Question

$9.8grams\,of\,{H_2}S{O_4}$ is present in ${\text{2 }}litres$ of a solution. The molarity of the solution is:
A. $0.1M$
B. $0.05M$
C. $0.2M$
D. $0.01M$

Answer 1

Hint : In order to solve the given question, first we will rewrite the given mass of sulphuric acid and then find the no. of moles of sulphuric acid. And with the help of no. of moles and the given mass of the sulphuric acid, we can find the molarity of the given solution.

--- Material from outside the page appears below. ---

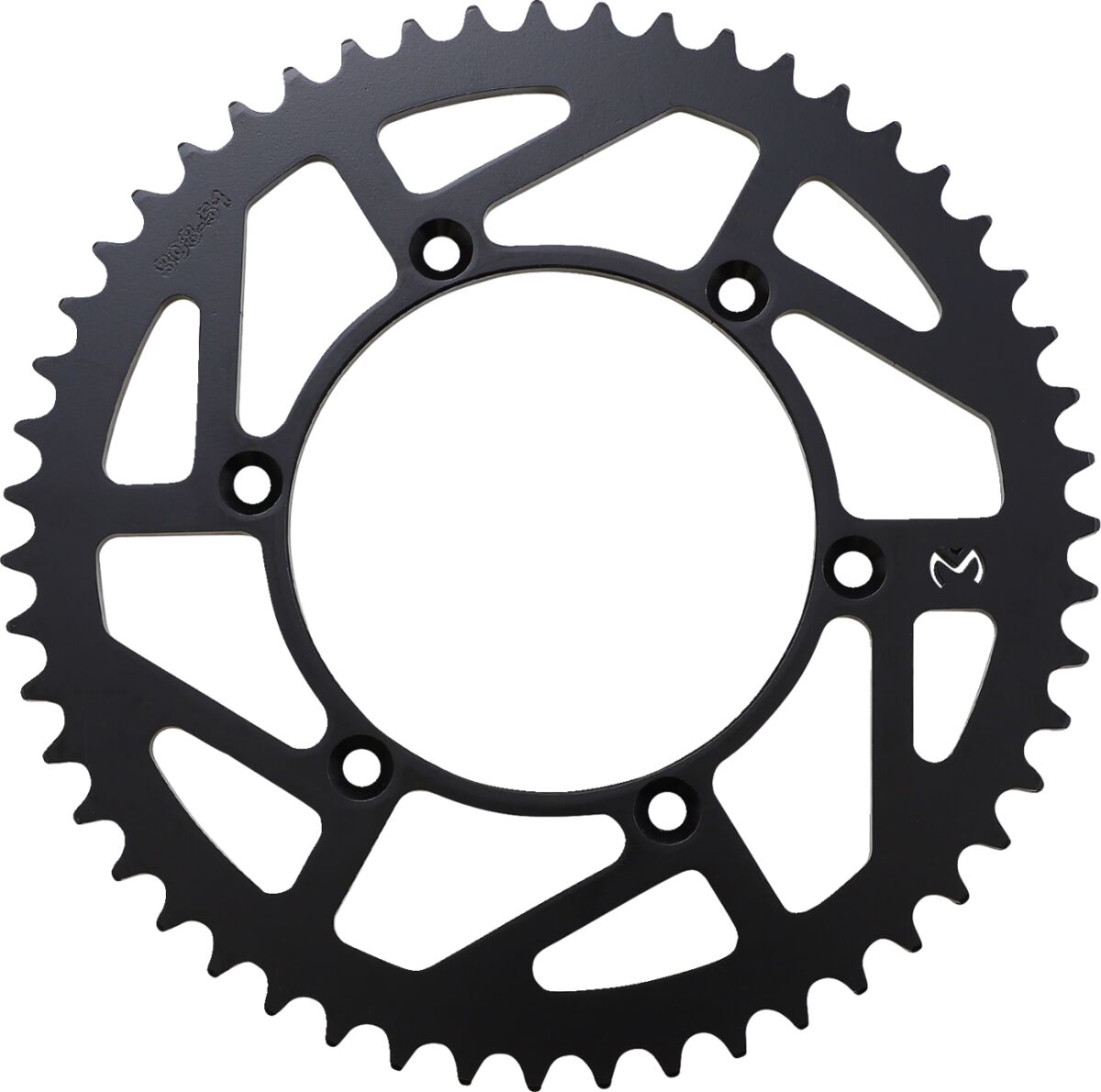 REAR SPROCKET / 51 TEETH / 520 PITCH / BLACK / STEEL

Complete Step By Step Answer:
As we know that, the molar mass of sulphuric acid is $98g/mol$ .
And, a mass of sulphuric acid is given, which is $9.8g$ .
Now, we will find the number of moles of Sulphuric acid:
$No.\,of\,moles\,of\,{H_2}S{O_4} = \dfrac{{Mass\,of\,{H_2}S{O_4}}}{{Molar\,mass\,of\,\,{H_2}S{O_4}\,}} = \dfrac{{9.8g}}{{98g/mol}} = 0.1mol$
Now, we can find the molarity of the given solution:
$Molarity\,of\,the\,solution = \dfrac{{No.\,of\,moles\,of\,\,{H_2}S{O_4}}}{{Volume\,of\,solution}} = \dfrac{{0.1mol}}{{2L}} = 0.05M$
Hence, the correct option is (B).

Note :
Molarity is represented by $M$ , which is termed as molar. One molar is the molarity of a solution where one gram of solute is dissolved in a litre of solution. As we know, in a solution, the solvent and solute blend to form a solution, hence, the total volume of the solution is taken.